Test llama.cpp Q4_K_M llama.cpp Q8_0 vLLM FP16
pp128 352 340 OOM
pp512 523 513 OOM
pp2048 498 491 OOM
tg128 36.8 28.5 OOM

vLLM FP16 can't fit Qwen 2.5-14B on a single 32 GB B70. Model weights are 27.6 GiB, leaving -1.3 GiB for KV cache. llama.cpp's 8.4 GB Q4 and 15 GB Q8 fit fine. Quantization is the single biggest reason to use llama.cpp on 32 GB cards.


Finding 6 - Dual-GPU Qwen 2.5-14B: The Headline

llama.cpp layer-split (Q4_K_M) vs vLLM tensor parallelism (FP16, TP=2):

Test llama.cpp Q4 (layer-split) vLLM FP16 (TP=2) Ratio
pp128 342 t/s 2,070 t/s 6.1× vLLM
pp512 521 t/s 7,104 t/s 13.6× vLLM
pp2048 766 t/s 11,212 t/s 14.6× vLLM
tg128 37.8 t/s 36.1 t/s ~tie

Apples-to-apples: BF16 vs FP16, same precision

This removes the "Q4 vs FP16" objection. Same model, same precision, same hardware:

Test llama.cpp BF16 (layer-split) vLLM FP16 (TP=2) Ratio
pp128 268 t/s 2,069 t/s 7.7× vLLM
pp512 459 t/s 7,080 t/s 15.4× vLLM
pp2048 692 t/s 11,385 t/s 16.5× vLLM
tg128 3.47 t/s* 35.9 t/s 10.4× vLLM

*llama.cpp BF16 tg at 3.47 t/s is the upstream DMMV bug. PR #21580 brings this to ~35 t/s - parity.

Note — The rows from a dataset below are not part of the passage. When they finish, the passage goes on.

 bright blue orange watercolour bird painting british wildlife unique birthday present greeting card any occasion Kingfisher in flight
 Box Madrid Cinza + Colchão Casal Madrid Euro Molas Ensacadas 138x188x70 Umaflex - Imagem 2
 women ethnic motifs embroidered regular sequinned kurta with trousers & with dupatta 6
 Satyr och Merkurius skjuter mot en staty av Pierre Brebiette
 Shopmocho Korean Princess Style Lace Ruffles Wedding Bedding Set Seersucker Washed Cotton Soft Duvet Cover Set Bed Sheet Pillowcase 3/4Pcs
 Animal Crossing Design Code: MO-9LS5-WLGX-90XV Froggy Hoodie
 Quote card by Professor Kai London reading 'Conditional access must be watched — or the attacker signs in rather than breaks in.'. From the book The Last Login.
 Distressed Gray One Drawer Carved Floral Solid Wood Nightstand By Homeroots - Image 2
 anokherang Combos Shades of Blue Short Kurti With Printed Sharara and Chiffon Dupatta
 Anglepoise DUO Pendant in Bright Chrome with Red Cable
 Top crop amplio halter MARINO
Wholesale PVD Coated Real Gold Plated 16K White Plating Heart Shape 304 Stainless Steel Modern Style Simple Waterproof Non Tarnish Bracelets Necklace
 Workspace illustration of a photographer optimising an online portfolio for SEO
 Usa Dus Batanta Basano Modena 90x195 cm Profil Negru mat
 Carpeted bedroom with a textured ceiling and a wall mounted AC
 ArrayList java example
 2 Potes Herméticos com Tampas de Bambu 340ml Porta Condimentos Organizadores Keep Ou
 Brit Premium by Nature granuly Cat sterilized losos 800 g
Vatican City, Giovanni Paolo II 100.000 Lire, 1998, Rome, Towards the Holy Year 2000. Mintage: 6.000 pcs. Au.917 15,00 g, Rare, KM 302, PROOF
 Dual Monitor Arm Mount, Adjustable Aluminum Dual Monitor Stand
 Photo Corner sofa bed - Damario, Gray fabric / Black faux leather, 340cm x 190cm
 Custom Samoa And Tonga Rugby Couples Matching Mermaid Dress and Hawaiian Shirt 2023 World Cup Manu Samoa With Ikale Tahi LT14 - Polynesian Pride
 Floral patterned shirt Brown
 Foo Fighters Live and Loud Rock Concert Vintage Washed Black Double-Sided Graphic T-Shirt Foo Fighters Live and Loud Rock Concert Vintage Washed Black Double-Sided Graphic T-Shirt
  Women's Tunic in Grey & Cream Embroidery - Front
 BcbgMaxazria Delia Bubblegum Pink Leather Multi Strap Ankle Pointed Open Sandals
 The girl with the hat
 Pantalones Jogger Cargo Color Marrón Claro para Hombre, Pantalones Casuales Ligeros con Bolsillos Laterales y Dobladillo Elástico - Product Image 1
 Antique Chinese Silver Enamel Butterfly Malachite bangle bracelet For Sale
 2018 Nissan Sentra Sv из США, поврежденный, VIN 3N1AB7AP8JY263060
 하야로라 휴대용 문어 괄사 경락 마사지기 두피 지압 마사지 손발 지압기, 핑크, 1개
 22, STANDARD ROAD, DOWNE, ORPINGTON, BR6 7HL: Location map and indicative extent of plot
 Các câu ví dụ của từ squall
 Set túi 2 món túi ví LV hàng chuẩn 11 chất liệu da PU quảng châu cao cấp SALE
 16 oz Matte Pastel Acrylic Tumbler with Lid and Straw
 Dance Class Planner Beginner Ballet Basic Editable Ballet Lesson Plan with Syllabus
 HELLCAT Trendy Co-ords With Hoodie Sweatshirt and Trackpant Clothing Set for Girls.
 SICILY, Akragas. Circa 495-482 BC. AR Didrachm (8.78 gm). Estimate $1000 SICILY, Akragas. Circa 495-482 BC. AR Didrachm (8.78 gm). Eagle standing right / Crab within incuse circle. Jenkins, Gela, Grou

The 7-16× prefill gap is entirely due to XMX/DPAS flash attention + varlen batching in vLLM vs scalar FP16 attention + ubatch slicing in llama.cpp. It's not an Intel hardware limit or a driver issue - it's kernel maturity on the llama.cpp SYCL side.


Strengths & Weaknesses

Criterion llama.cpp SYCL vLLM XPU
Model compatibility Qwen 2.5, Qwen 3.5, Gemma, Llama - all work Qwen 3.5 FAILS (GDN), Qwen 2.5 works
Single-GPU memory Q4 fits 14B in 8.4 GB FP16 needs 28 GB - OOM on 14B / 32 GB
Prefill (14B dual) 342-766 t/s 2,070-11,212 t/s
Decode (14B dual, same precision) 35 t/s (with PR #21580) 36 t/s
Quantization formats GGUF: Q2-Q8, BF16, IQ, K-quants FP16 tested; INT4/INT8/FP8 also supported
Multi-GPU approach Layer split (sequential) Tensor parallelism (true parallel)
Setup complexity Build from source, bare metal Docker with --privileged + --device=/dev/dri
Best for Single-user interactive, quantized models, wide model support Multi-user serving, long-prompt RAG, FP16 workloads

When to Use Which

Use llama.cpp SYCL when:

  • You want the widest model coverage, including Qwen 3.5
  • Your model only fits if you quantize (most 14B+ on a single B70)
  • You're doing interactive single-user chat or small-scale inference
  • You want to build on bare metal, no Docker

Use vLLM XPU when:

  • You're doing RAG or summarization over long documents (prefill-heavy)
  • You're serving multi-user traffic and want tensor parallelism
  • Your models are well-supported (Qwen 2.5, Llama, Mistral) and you don't mind the model-coverage gap
  • You can tolerate Docker + --privileged

Both have a place. The right engine depends on workload, not which "wins" in isolation.